NEW DELHI – As more Indians travel the world and their country’s growing economy and population gain more global attention, they are increasingly embarrassed about one of India’s dirtiest features: its cities.
It is not uncommon to see piles of putrefying garbage lying along the streets in front of fancy glass-fronted malls, luxury car showrooms or the gates of exclusive neighborhoods. Just as common is the sight of Indians walking past the smelly heaps, covering their noses with the edge of their saris or handkerchiefs and waving the flies away.
Many Indians routinely chuck empty cigarette packs, plastic wrappers or cans from their cars. Even religious sites often dump waste. Open, stinking drains in residential neighborhoods choke with household trash.
With India’s creaky municipal management system already stretched and government response to the teeming trash patchy at best, the problem will only worsen, analysts say. More than 600 million Indians will live in cities by 2030, up from a little more than 350 million today. Indians generate more than 55 million tons of solid waste every year, and that figure will increase to 240 million tons by 2047, according to the Energy and Resources Institute in New Delhi.
But there is a new push for change from some quarters.
Neighborhood volunteers, schools and activists in big cities are organizing like rarely before to clean up India. They are staging sporadic cleanup drives at markets, beaches and railway stations. They are telling people not to litter, asking families to separate waste from recyclables and using smartphones to photograph and report uncollected garbage to the government.
Even the ministry for tourism launched a drive to keep areas around heritage monuments clean.
The momentum is at least in part generated by Indians who believe that the grimy cities give India a negative global image and clash with its hopes of becoming a 21st-century economic power.
“There is an unspeakable amount of filth around us. We must shake up our numbness to it,” said Robinder Sachdev, who leads a campaign called Come, Clean India, which tries to link similar efforts across India under a single umbrella. “Some momentum is building up among the educated middle classes in the big cities. They are becoming aware that their global aspiration is not consistent with their tolerance of filth.”
Four years ago Jairam Ramesh, a senior government minister, shocked many when he said Indian cities were the world’s dirtiest, and “if there is a Nobel Prize for dirt and filth, India will win it, no doubt.”

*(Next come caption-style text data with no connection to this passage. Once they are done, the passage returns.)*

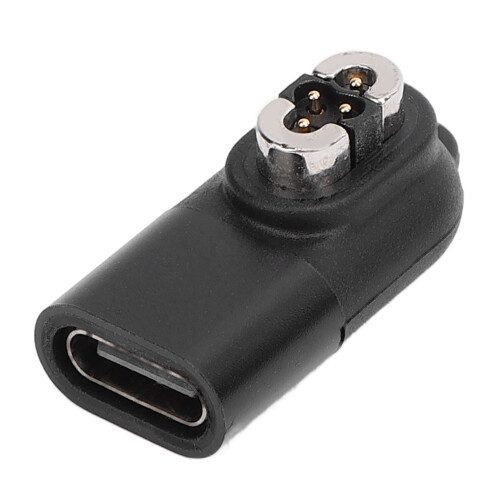 Chargeur 5 V 1,0 A OpenSwim Pro S710 Compact Noir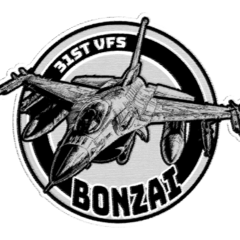 Bonzai_BE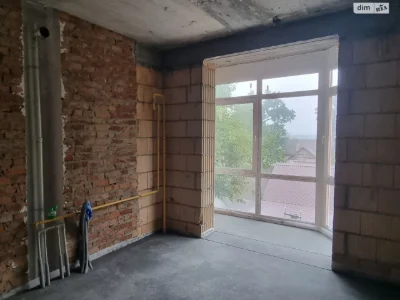 Apartment for Sale in Buch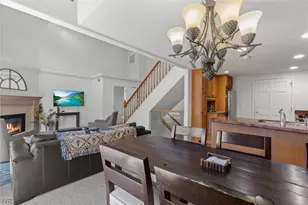 400 Fairview Blvd, Incline Village, NV 89451 - Photo 14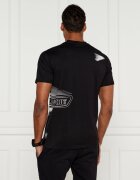 Plein Sport Tricou AADC | Regular Fit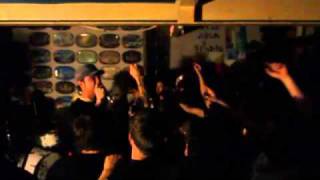 No Trigger More to Offer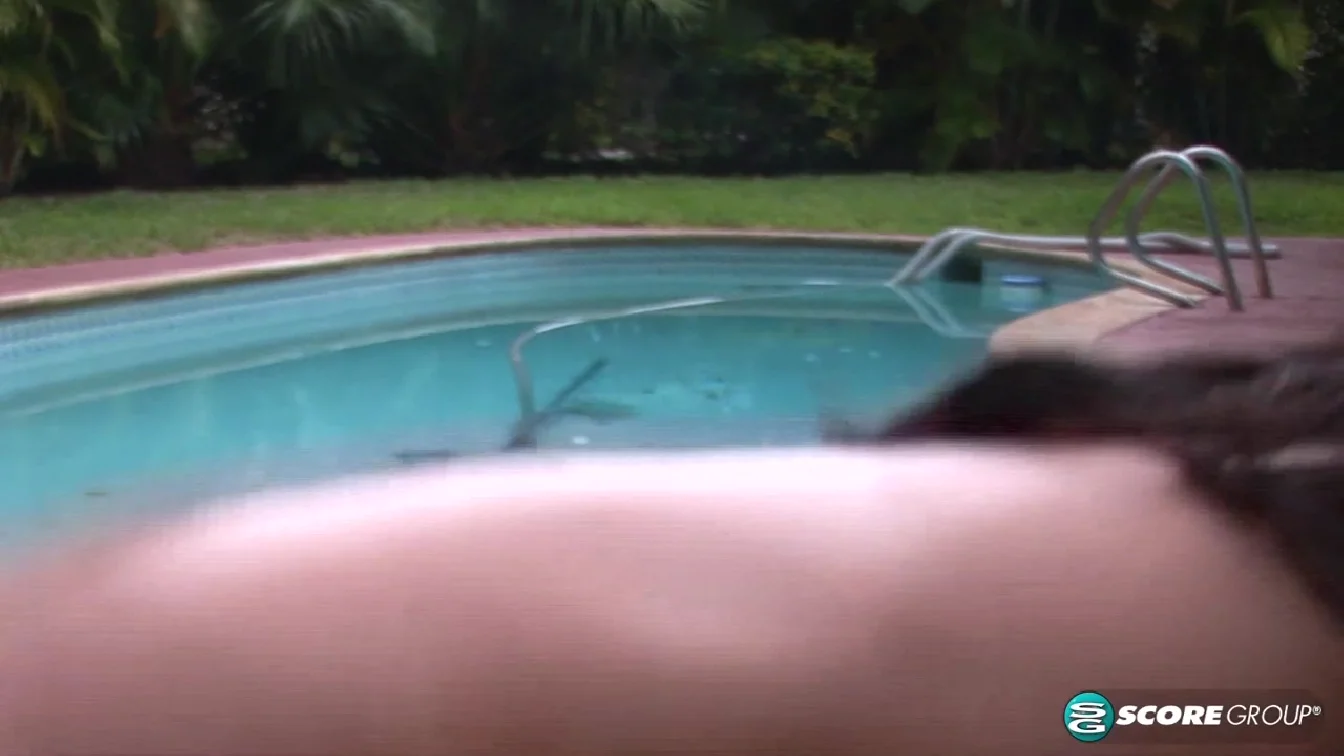 Preview of PornMegaLoad Katya Melrose XXX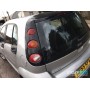 Smart Forfour W454 2004-2006 | №49897, Англия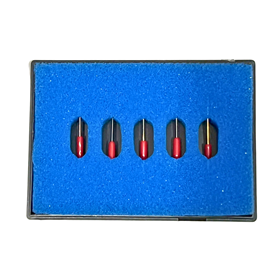 Lưỡi dao cắt máy bế Decal AMD - 360SK loại 2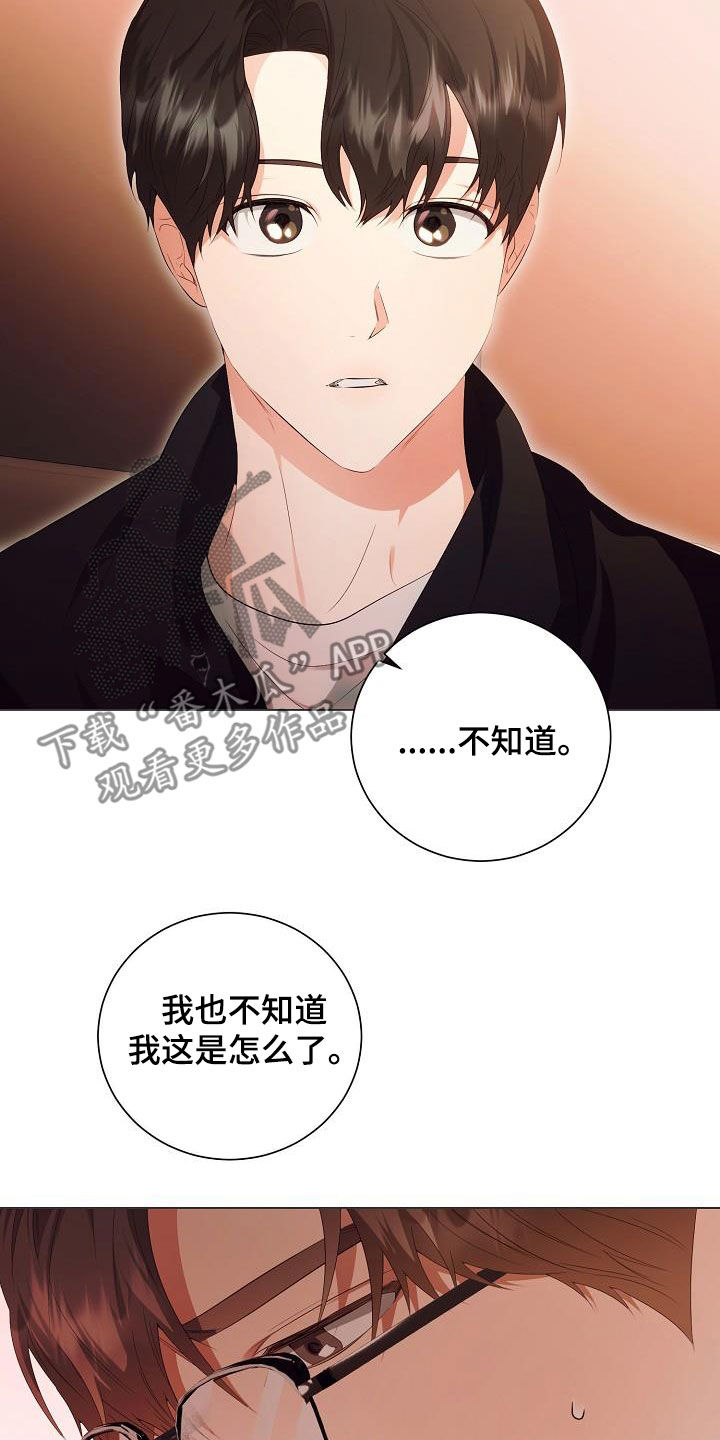 第65章：似曾相识12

Such candor on the subject is unusual in Indian politics, and the federal and local governments have done little to address the problem on a broad scale. But as Indian cities grow, the middle class is demanding better quality of urban life, cleaner streets, more playgrounds, street lights and better safety for women.
Vishnu Sinha, the general secretary of the residents association in one New Delhi neighborhood that is home to 1,800 families, said he has had “dozens of meetings” with local officials who repeatedly promised to collect the waste that piles up outside his community’s gate.
Pradeep Khandelwal, chief engineer at the government-run New Delhi Municipal Corp., said: “People don’t follow rules. Instead, they find it easier to complain, shift the blame to the government. On our Facebook page, we have given the garbage collection points and timing, but people still ignore that.”
Other cities are seeing anti-garbage activism, too.
In Mumbai, dozens of students, activists and Bollywood stars help clean up the beaches the day after an annual Hindu festival in which hundreds of thousands of devotees immerse idols, plastic bags and offerings in the sea.
In October, villagers residing near suburban landfills outside the southern city of Bangalore — once touted as India’s answer to Silicon Valley — protested their living conditions and blocked trash trucks. Heaps of uncollected garbage in the city’s streets swelled to such a magnitude that they impeded pedestrians and drivers alike.
To placate the protesters, the local government ordered residents to separate recyclables and compostable material from household waste, which would have reduced the volume at the landfills. But it has failed to enforce the order.
Some researchers are now trying to find out why Indians behave the way they do.
Since August, a group called Saaf India Foundation has conducted tracking surveys to study the behavior of trash-throwing railway passengers in India.
And some in the tourism industry say that the garbage problem is overstated — and, in fact, might be part of the adventure of traveling in India.
“Our lack of cleanliness is a problem, but that will not scare foreign tourists away,” said Subhash Goyal, president of the Tour Operators Association of India. “If tourists want to see everything clean and sanitized, they would go to Singapore. They come to India to see how 1.2 billion people live in their natural habitat. They are mentally prepared.”